**What you have to do**
Type out the lines below exactly, pictures excluded.

----- Source records

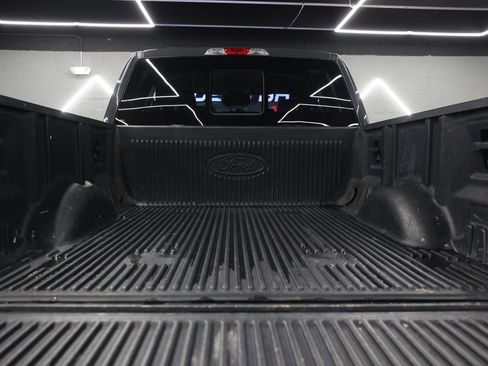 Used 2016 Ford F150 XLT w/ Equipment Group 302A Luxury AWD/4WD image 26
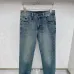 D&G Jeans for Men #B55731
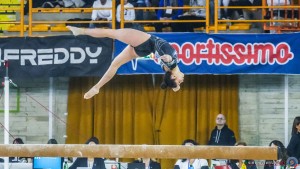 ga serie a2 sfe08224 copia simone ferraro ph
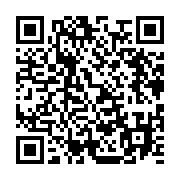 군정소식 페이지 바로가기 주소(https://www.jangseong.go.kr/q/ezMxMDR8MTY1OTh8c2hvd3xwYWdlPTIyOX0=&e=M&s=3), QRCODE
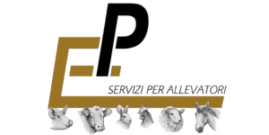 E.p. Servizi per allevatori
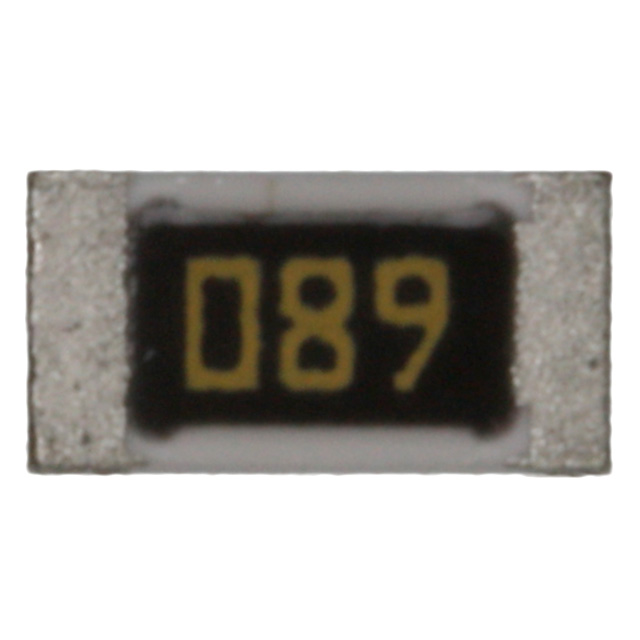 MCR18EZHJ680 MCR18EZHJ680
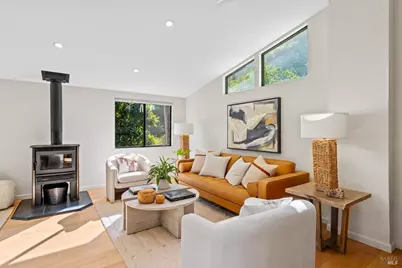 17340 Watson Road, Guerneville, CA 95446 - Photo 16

----------

**Task result**
 Used 2016 Ford F150 XLT w/ Equipment Group 302A Luxury AWD/4WD image 26
 D&G Jeans for Men #B55731
 ga serie a2 sfe08224 copia simone ferraro ph
 군정소식 페이지 바로가기 주소(https://www.jangseong.go.kr/q/ezMxMDR8MTY1OTh8c2hvd3xwYWdlPTIyOX0=&e=M&s=3), QRCODE
 E.p. Servizi per allevatori
 MCR18EZHJ680 MCR18EZHJ680
 17340 Watson Road, Guerneville, CA 95446 - Photo 16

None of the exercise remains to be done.